Where were you on May 26? That was the European Union’s (EU) General Data Protection Regulation’s (GDPR) “enforcement date.” Which means a company must be fully in compliance if it collects personal data on anyone who lives in the EU, “regardless of the company’s location.”
The EU Parliament approved/adopted the GDPR in April 2016. It’s a new set of regulations designed to enhance the protection of EU citizens’ online privacy and personal data. More importantly, it increases companies’ obligations to deal with that data in secure and transparent ways.
And what is “personal data” as defined by the GDPR? Information related to a “natural person” that can be used “to directly or indirectly” identify that person. Such information could include name, email address, a photo, bank details, posts on social media channels, medical information, even a computer IP address!

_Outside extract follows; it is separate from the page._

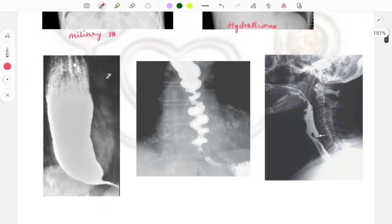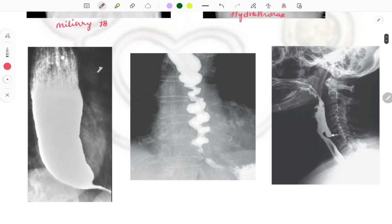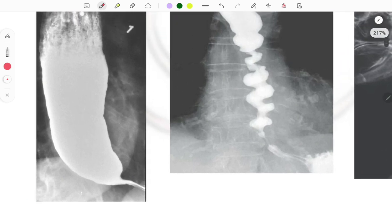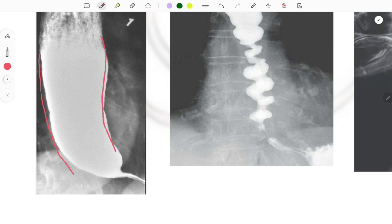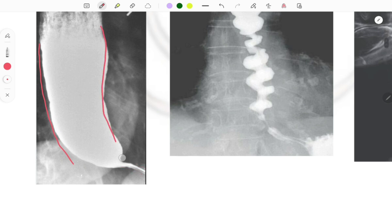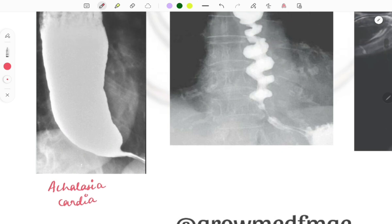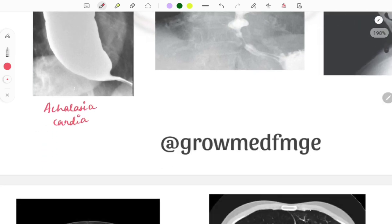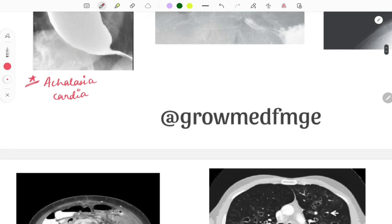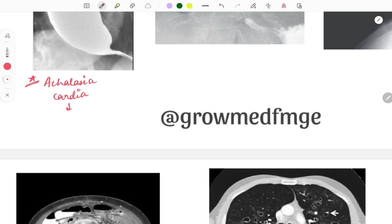These are three barium swallow images of the esophagus. The first shows the esophagus broadened with a bird beak appearance, also called rat tail appearance — this is seen in achalasia cardia. Achalasia cardia is a repeat topic; it is due to absent relaxation of the esophageal sphincter, causing regurgitation and dysphagia. The pathology is decreased release of nitric oxide.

Some “Good” and Some “Bad” News
Some good news: EU residents have to have been physically in the EU when they provide your U.S.-based company with their information.
But some bad news: they don’t have to have given you their personal information in an exchange of funds. They could simply have downloaded a free ebook you offered in exchange for their email address.
But now some pretty good news (as in “Whew!” you say as you wipe the sweat from your brow): U.S. digital marketers actually have to target EU citizens in an EU country in order to be under compliance regulations.
For example, say you’re a Michigan company that sells services to consumers in the U.S. All of your marketing and sales are geared to U.S. citizens. But Google being Google, someone in Holland uses the same keywords as a U.S. citizen, finds your website, reads your blogs, and then see your CTA regarding the free ebook you’re offering. The information in it is applicable to the Dutchman’s concerns and so he provides you with his email address. You don’t have to worry about GDPR compliance in this case. But, if you were specifically to refer to EU residents/customers on the website offering the ebook, you need to be GDPR-compliant.
Explicit Consumer Consent
So what if you do market to EU residents? Then you need to make sure that those who provide you with their information explicitly gave it to you. All of your landing pages, information forms, etc. will need to changed to make sure EU consumers’ data is “freely given, specific, informed, and unambiguous.”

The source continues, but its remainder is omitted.